Directions: The answer must reproduce exactly the lines from the one with "غرفه نوم تركي • مستعمل • ٨ قطعة" through the end of the material, and it must contain no pictures.

Source material:
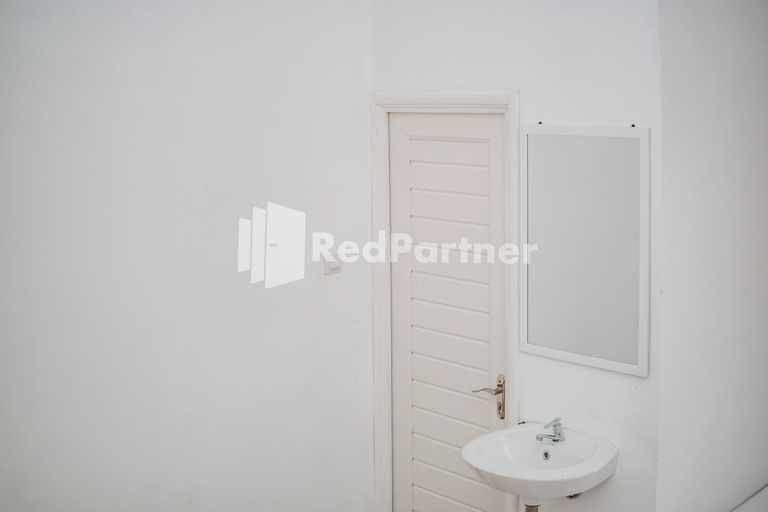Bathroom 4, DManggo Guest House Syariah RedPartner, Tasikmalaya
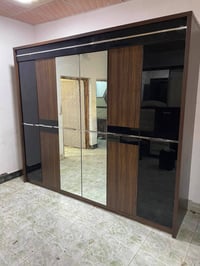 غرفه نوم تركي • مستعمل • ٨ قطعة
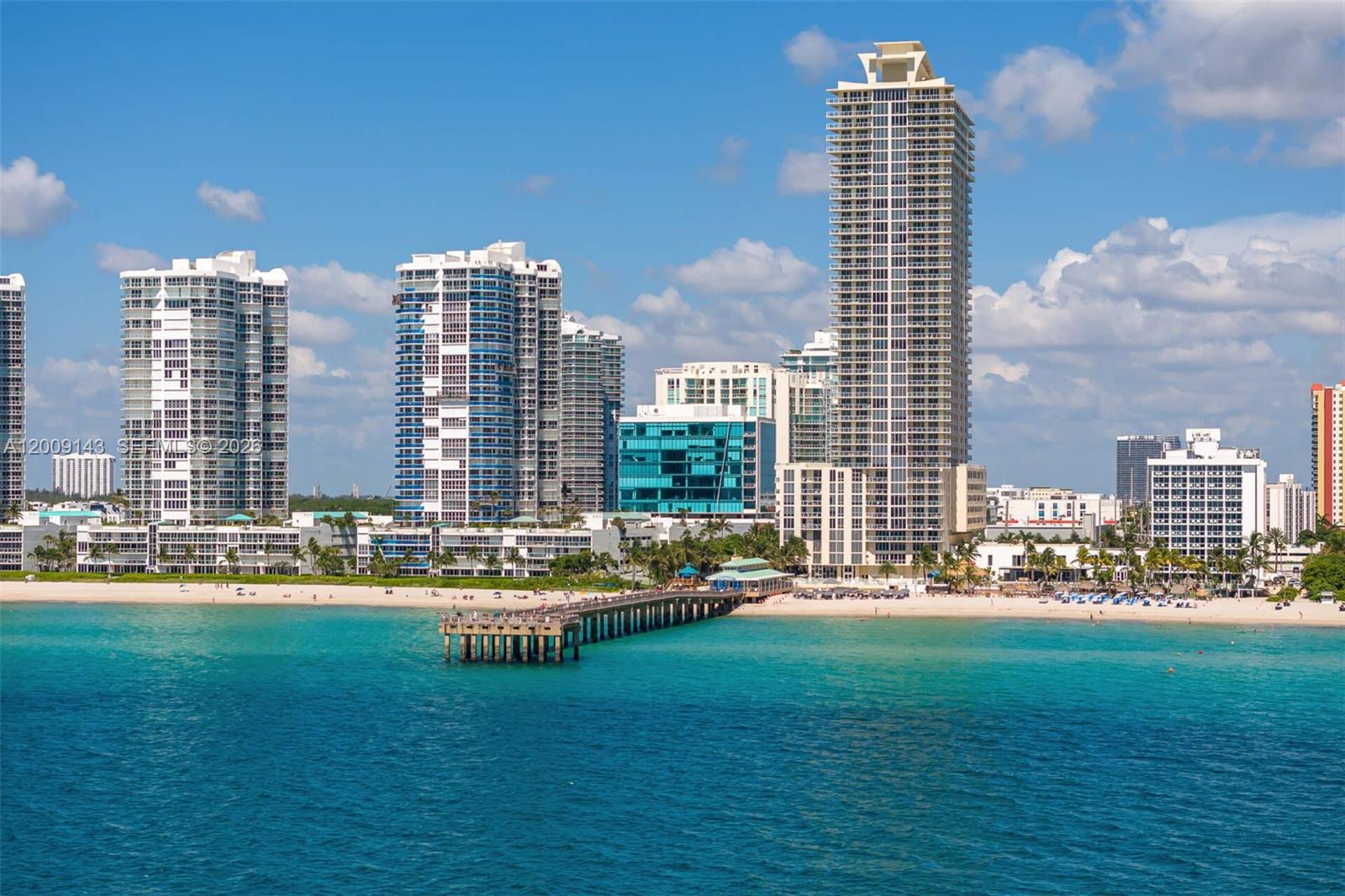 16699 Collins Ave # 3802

Reply:
 غرفه نوم تركي • مستعمل • ٨ قطعة
 16699 Collins Ave # 3802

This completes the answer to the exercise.